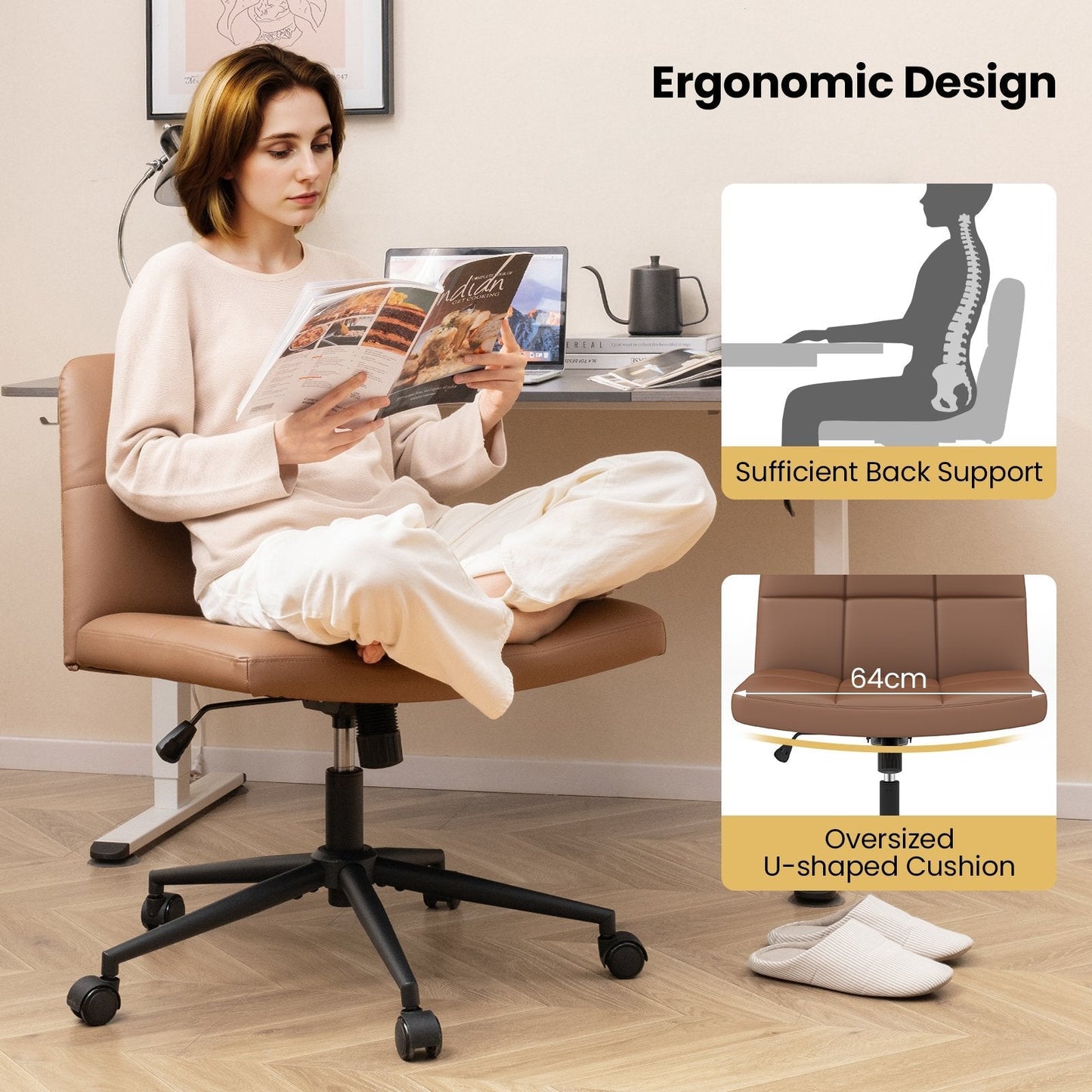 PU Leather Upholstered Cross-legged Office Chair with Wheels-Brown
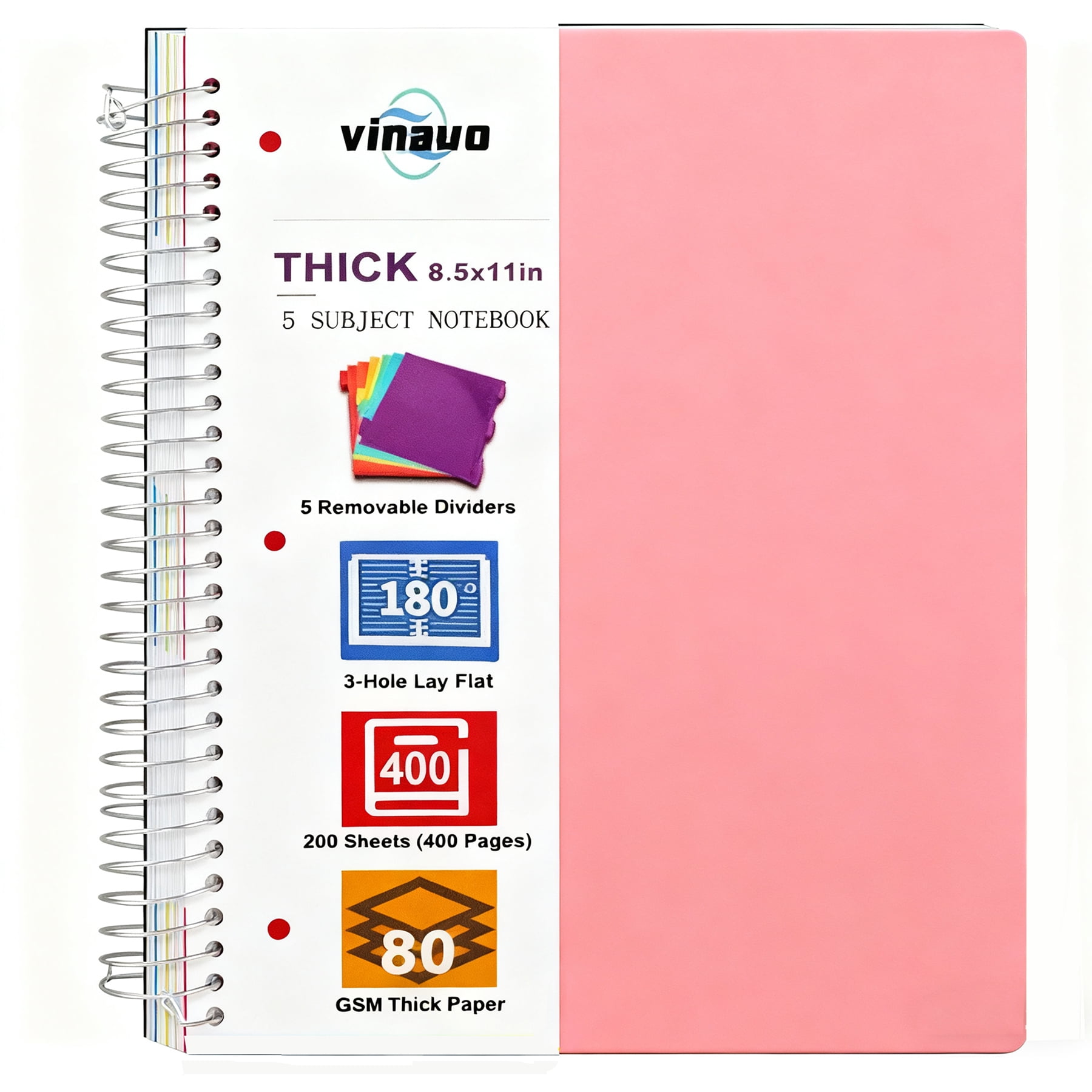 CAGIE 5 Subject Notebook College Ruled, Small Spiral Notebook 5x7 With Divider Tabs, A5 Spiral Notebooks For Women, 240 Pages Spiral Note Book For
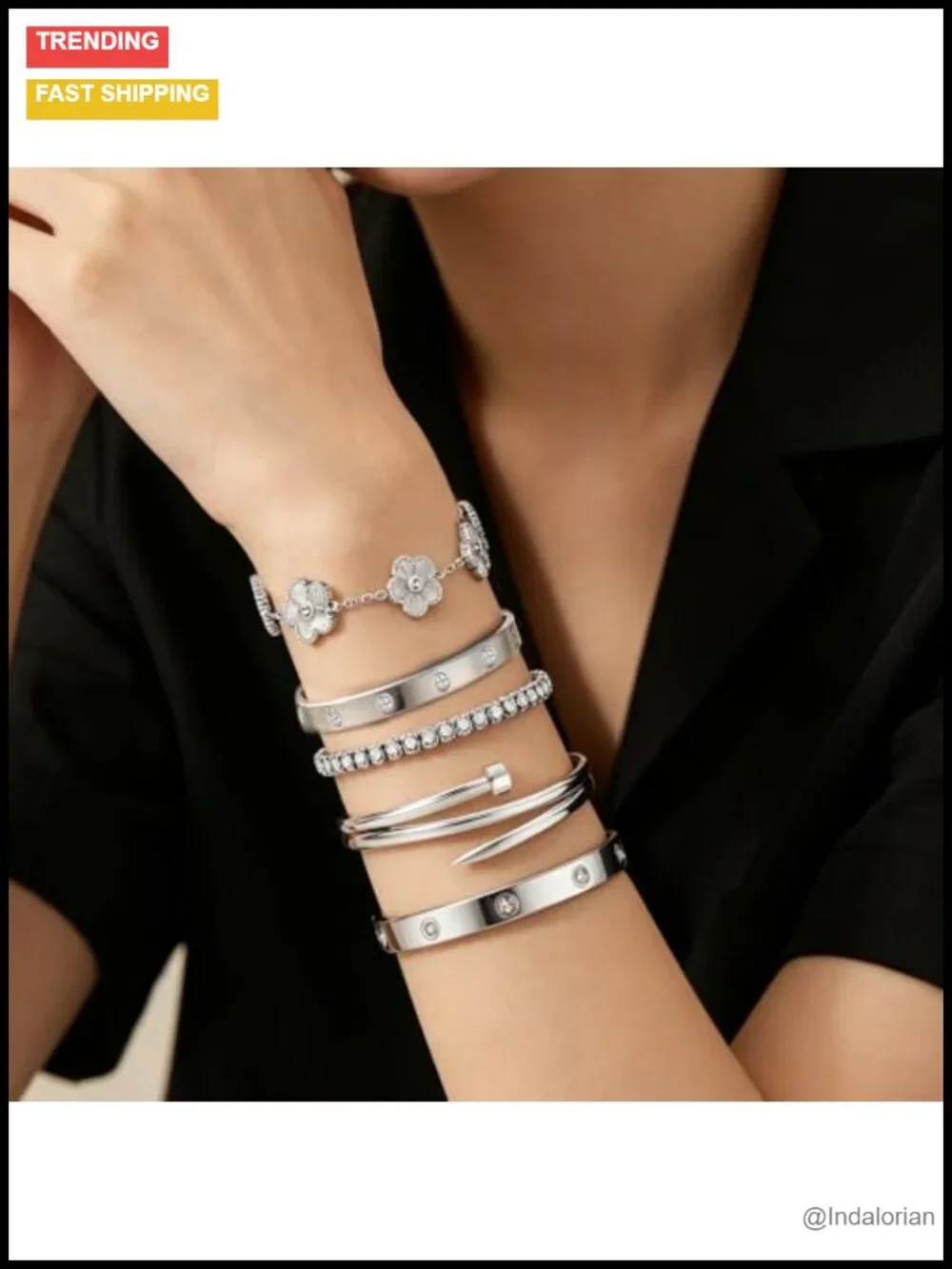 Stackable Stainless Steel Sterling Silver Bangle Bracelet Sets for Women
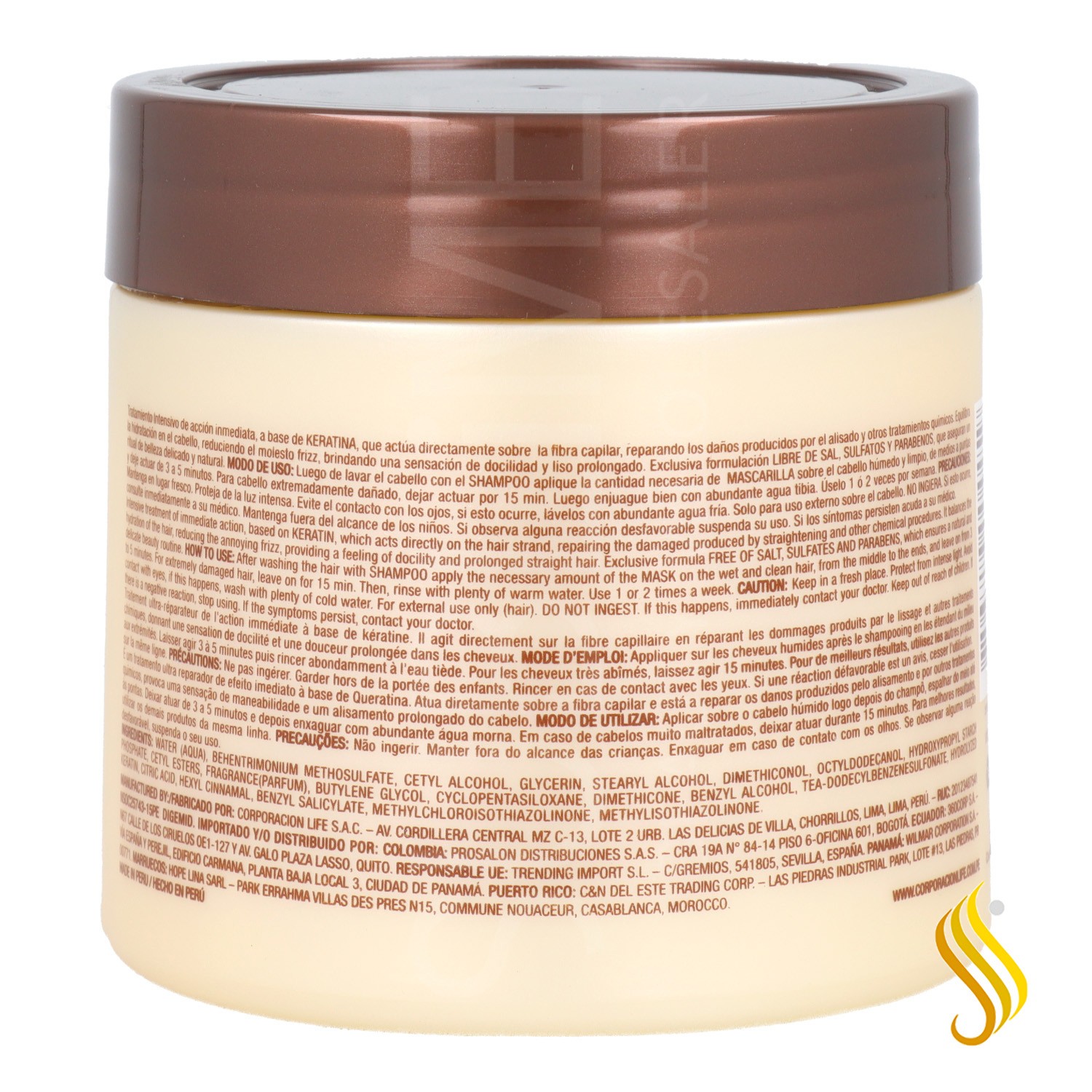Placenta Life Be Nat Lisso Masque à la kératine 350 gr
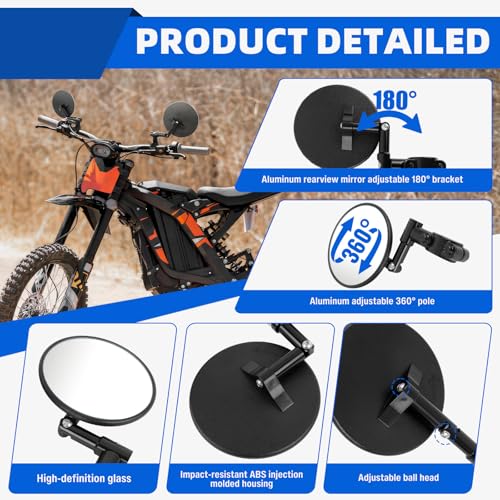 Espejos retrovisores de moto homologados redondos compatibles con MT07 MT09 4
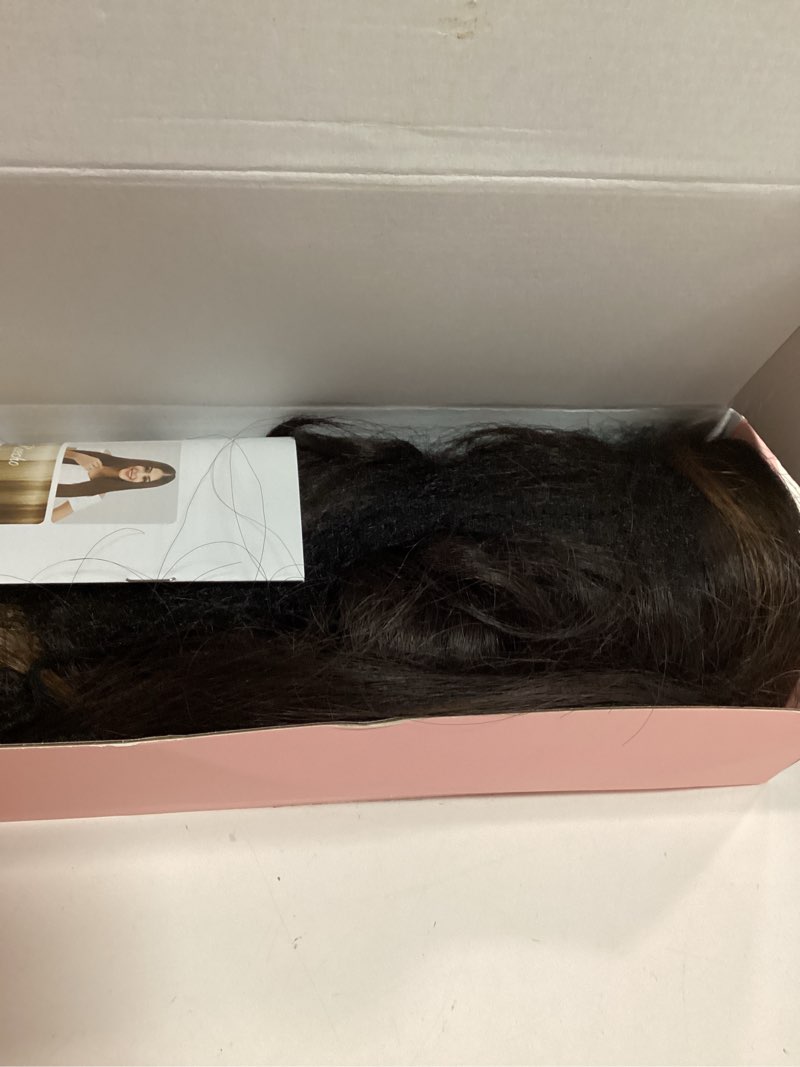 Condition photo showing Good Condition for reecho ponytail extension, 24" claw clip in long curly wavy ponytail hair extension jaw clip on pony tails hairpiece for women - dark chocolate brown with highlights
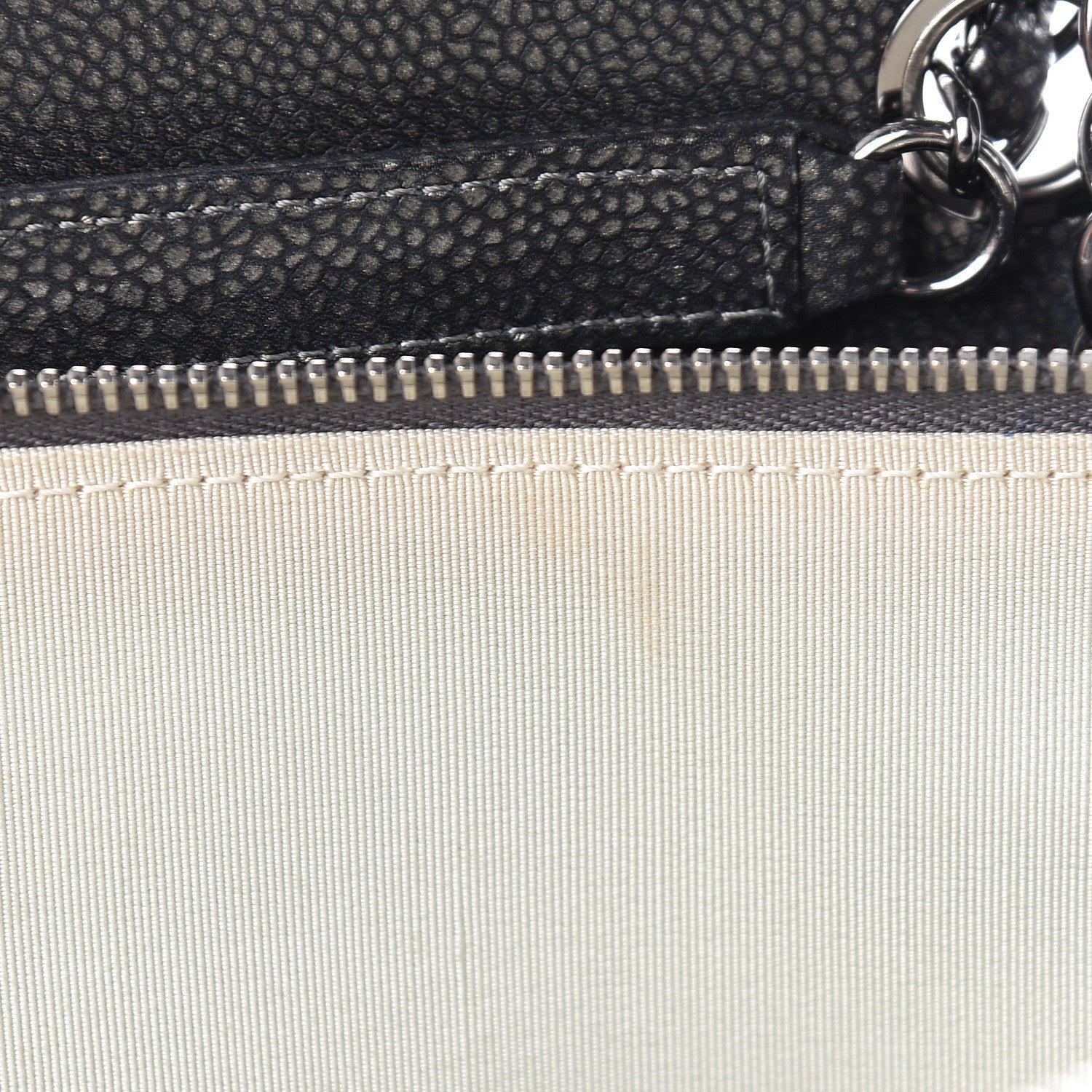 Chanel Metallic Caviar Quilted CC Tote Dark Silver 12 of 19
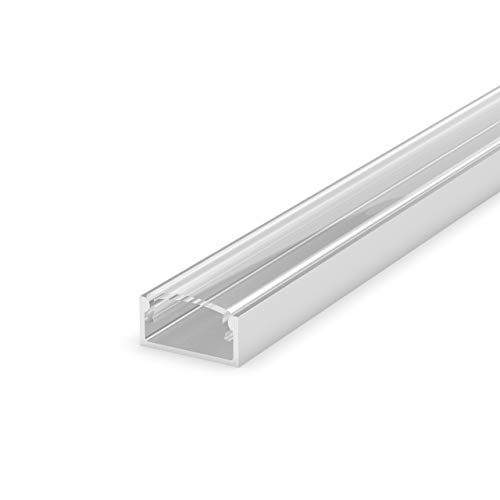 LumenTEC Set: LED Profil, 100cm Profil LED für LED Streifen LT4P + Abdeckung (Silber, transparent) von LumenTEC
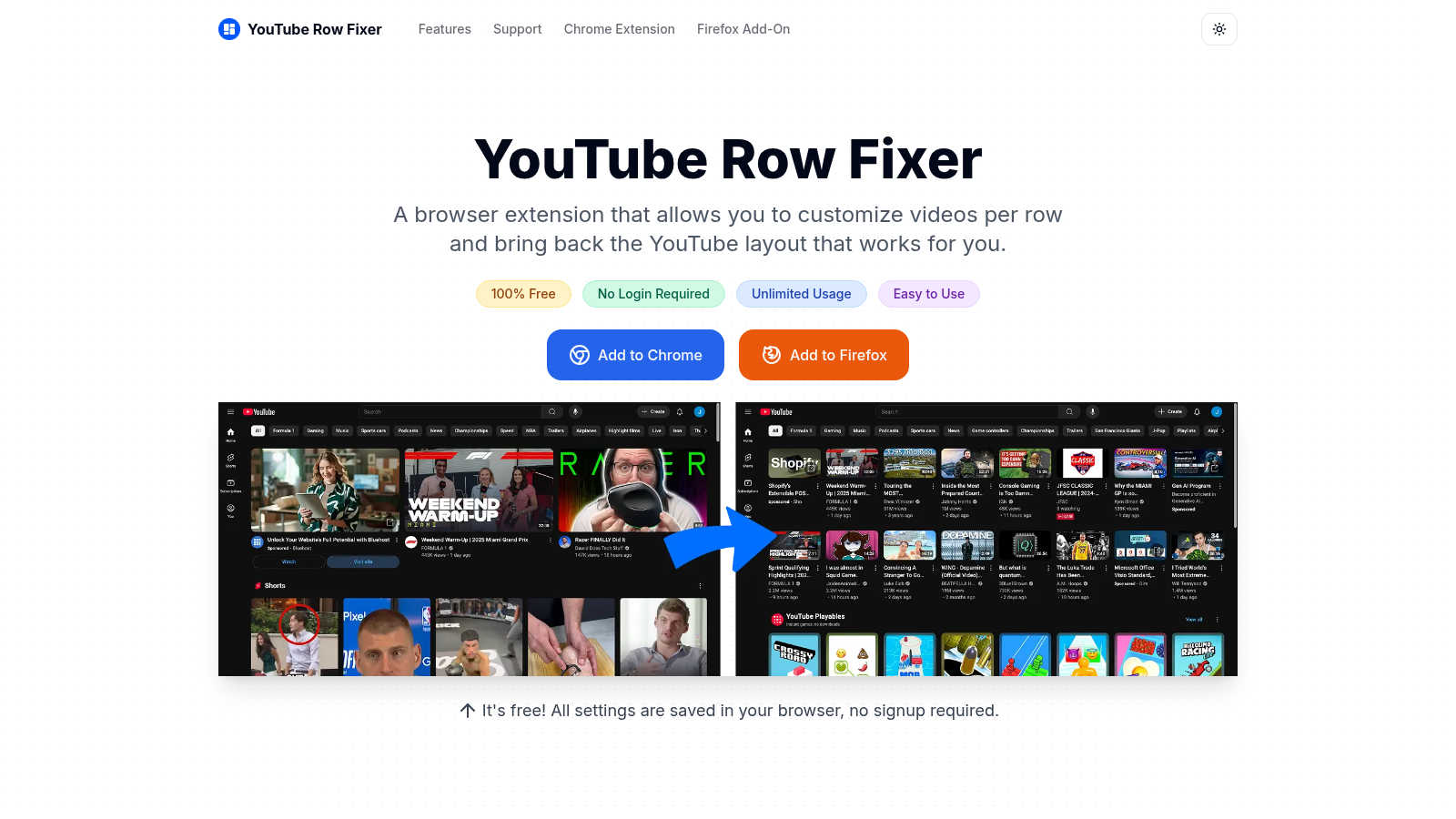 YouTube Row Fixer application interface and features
◇ ◇ ◇ ◇ ◇
- Work instruction: Restate every line above word for word. Do not carry over the images.

- Completed exercise:
 PU Leather Upholstered Cross-legged Office Chair with Wheels-Brown
 CAGIE 5 Subject Notebook College Ruled, Small Spiral Notebook 5x7 With Divider Tabs, A5 Spiral Notebooks For Women, 240 Pages Spiral Note Book For
 Stackable Stainless Steel Sterling Silver Bangle Bracelet Sets for Women
Placenta Life Be Nat Lisso Masque à la kératine 350 gr
 Espejos retrovisores de moto homologados redondos compatibles con MT07 MT09 4
 Condition photo showing Good Condition for reecho ponytail extension, 24" claw clip in long curly wavy ponytail hair extension jaw clip on pony tails hairpiece for women - dark chocolate brown with highlights
 Chanel Metallic Caviar Quilted CC Tote Dark Silver 12 of 19
 LumenTEC Set: LED Profil, 100cm Profil LED für LED Streifen LT4P + Abdeckung (Silber, transparent) von LumenTEC
 YouTube Row Fixer application interface and features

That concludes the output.